El Greco was a Spanish Renaissance master painter, sculptor, and architect. Born (1541- April 7, 1614) Domenikos Theotokopoulos in Crete Greece, during a time where it was a part of the Republic of Venice. El Greco was his nickname, meaning “The Greek.” He was known to sign his paintings with his full Greek birth name, and often accompanied by
the word “Cretan.”
Family and Early Training
El Greco came from a prosperous urban family. He is believed to have grown up Greek Orthodox, yet later in his life claimed to be a Roman Catholic. His father, Georgios Theotokopoulos, was a merchant and a tax collector. Nothing is known about his mother, and it is known that he had a brother, Manoussos Theotokopoulos.
El Greco began his training at Cretan school, believed to have been one of the top schools known for post-Byzantine art. He began as an icon painter. El Greco most likely studied the classics of Ancient Greece, as well as some of the Latin classics.
At the age of 26, El Greco set out to Venice, and would eventually travel to Rome. While there he studied under Giulio Clovio, a disciple of Titian. El Greco did not get many commissions aside from some portraits and devotional paintings.

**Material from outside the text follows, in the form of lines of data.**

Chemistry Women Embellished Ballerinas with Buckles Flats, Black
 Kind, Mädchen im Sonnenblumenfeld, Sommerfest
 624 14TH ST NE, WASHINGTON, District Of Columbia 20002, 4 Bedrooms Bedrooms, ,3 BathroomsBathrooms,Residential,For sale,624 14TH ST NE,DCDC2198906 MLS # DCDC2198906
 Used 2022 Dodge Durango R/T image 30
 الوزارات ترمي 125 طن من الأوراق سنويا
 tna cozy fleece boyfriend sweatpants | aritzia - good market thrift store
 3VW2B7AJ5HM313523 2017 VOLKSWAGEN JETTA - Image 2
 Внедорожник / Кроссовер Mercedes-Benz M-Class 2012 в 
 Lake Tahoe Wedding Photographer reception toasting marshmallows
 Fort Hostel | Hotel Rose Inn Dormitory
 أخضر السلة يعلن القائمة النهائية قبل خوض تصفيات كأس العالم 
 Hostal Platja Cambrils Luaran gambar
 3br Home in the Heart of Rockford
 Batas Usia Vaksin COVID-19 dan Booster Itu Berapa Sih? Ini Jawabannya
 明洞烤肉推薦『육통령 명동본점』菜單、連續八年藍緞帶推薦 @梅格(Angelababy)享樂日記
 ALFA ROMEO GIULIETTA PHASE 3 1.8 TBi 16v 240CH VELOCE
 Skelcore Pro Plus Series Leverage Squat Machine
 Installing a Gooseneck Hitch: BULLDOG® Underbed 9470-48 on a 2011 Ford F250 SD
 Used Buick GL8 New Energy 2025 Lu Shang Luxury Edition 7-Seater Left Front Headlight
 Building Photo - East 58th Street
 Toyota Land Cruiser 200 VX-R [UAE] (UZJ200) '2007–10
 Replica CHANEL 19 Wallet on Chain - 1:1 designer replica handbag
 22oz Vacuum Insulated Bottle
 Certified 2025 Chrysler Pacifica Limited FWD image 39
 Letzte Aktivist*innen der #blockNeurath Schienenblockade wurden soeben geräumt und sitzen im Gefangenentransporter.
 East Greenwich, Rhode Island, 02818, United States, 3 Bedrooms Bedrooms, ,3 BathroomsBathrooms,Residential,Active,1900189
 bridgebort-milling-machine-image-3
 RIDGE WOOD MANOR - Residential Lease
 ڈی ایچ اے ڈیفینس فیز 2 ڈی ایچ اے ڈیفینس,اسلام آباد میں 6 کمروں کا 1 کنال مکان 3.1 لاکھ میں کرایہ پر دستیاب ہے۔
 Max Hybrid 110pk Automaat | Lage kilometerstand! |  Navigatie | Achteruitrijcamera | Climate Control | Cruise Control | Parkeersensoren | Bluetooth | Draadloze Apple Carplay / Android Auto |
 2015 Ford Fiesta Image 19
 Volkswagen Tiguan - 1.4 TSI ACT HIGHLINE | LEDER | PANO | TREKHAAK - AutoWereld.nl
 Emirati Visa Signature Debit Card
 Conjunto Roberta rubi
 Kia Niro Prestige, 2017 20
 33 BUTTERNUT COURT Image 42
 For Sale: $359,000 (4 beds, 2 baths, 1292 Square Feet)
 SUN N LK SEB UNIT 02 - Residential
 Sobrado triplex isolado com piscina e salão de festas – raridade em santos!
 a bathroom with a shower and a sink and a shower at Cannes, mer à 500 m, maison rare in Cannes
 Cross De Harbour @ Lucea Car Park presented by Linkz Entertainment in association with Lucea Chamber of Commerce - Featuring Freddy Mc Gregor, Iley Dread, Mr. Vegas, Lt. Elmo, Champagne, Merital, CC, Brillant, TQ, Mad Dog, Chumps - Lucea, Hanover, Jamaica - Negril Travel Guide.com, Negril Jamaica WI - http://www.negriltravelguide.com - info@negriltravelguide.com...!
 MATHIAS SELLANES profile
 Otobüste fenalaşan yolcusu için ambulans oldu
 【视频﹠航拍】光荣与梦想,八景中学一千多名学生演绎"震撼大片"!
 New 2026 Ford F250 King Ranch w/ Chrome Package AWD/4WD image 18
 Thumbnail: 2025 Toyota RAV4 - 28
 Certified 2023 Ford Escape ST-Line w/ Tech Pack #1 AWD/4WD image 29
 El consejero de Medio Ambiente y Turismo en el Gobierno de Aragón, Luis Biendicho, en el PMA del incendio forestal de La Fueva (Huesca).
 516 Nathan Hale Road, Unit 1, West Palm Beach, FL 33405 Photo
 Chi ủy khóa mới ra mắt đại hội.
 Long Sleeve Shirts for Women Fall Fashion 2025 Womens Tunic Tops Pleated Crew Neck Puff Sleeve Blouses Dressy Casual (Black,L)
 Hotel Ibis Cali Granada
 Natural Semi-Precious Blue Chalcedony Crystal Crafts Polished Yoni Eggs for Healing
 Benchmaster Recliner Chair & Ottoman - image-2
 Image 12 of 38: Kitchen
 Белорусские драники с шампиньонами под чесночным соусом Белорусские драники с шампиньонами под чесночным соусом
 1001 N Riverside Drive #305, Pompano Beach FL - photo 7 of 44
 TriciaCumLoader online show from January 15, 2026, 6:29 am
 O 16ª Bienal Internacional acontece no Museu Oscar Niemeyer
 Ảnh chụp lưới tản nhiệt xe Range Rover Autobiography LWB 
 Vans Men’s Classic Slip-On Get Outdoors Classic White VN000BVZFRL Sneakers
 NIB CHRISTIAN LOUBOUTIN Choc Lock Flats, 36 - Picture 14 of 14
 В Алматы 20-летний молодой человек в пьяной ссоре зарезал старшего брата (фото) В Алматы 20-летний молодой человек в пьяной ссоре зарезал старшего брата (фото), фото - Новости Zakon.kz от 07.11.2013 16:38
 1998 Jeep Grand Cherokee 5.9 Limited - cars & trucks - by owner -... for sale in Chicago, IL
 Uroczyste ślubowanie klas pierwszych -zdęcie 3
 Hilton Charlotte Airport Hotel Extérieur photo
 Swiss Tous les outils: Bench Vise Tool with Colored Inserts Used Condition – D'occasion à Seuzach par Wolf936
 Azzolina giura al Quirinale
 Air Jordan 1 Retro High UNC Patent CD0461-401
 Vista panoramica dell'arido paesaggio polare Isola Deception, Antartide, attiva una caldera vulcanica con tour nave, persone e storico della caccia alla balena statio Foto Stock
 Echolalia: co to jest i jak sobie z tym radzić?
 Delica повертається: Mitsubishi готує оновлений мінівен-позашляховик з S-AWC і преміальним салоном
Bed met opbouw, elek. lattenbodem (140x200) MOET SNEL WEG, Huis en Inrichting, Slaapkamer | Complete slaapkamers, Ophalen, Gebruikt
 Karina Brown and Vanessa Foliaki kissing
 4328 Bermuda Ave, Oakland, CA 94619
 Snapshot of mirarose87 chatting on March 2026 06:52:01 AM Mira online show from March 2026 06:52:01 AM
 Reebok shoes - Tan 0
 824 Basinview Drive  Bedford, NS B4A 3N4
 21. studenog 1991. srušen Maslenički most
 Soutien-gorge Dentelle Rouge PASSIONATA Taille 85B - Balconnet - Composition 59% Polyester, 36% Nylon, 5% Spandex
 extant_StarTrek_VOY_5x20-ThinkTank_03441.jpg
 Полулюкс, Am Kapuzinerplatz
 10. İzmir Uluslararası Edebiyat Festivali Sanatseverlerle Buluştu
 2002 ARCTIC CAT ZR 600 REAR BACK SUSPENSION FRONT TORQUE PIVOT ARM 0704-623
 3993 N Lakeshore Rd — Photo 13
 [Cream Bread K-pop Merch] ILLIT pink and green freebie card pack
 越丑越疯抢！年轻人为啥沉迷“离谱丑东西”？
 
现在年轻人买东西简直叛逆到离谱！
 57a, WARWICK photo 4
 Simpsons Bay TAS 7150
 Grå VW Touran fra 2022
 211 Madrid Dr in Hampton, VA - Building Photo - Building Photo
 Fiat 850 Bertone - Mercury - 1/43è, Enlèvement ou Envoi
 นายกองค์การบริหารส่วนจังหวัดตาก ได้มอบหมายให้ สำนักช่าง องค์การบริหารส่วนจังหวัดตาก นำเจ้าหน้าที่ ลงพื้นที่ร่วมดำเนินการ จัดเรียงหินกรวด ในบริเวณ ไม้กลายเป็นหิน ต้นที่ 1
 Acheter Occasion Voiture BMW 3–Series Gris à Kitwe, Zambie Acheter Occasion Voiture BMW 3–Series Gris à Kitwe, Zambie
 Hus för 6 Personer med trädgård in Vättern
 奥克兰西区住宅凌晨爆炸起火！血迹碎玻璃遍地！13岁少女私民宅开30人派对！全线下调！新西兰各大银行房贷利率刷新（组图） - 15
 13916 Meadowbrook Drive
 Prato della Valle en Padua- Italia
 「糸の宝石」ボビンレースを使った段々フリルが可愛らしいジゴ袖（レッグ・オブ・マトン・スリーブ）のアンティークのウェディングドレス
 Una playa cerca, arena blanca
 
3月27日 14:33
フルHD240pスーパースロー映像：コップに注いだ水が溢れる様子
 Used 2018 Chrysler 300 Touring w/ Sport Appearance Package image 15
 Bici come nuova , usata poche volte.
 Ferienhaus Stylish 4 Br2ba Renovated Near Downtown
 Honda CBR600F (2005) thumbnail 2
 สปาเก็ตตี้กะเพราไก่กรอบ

During his time in Italy, El Greco mastered the elements of Renaissance paintings: perspective, proportionate figures, and engaging composition.
Interestingly, upon his arrival to Italy, Michelangelo and Raphael were dead. Despite their influence in his art, El Greco is known to have thought negatively of Michelangelo as a painter. This would eventually lead to people’s dislike of El Greco in Rome.
“He was a good man, but he did not know how to paint.”
El Greco’s thoughts about Michelangelo
After ten years in Italy, El Greco makes the move to Toledo, Spain, the religious capital of the country. When he arrives, King Philip II is in search of good artists since Titian is dead, and Tintoretto, among other artists refused to travel to Spain. There El Greco is commissioned to paint for the church of Santo Domingo el Antiguo. El Greco is able to complete nine paintings including El Espolio and Assumption of the Virgin.
The King would later commission him for yet more work, yet there were two pieces of work that the King did not like. These pieces of work include the Allegory of Holy League, and Martyrdom of St. Maurice. The exact reasons of the Kings discontentment is unknown. It is believed that perhaps Philip II did not like that El Greco included living people in the paintings. Or perhaps the paintings went against the rules of the Counter-Reformation movement.
El Greco is believed to have influenced Cubism. Much of his work depicts elongated and twisting forms, radical foreshortening, and unreal colors. He is believed to have influenced artists like Paul Cezanne, Pablo Picasso, and Manet.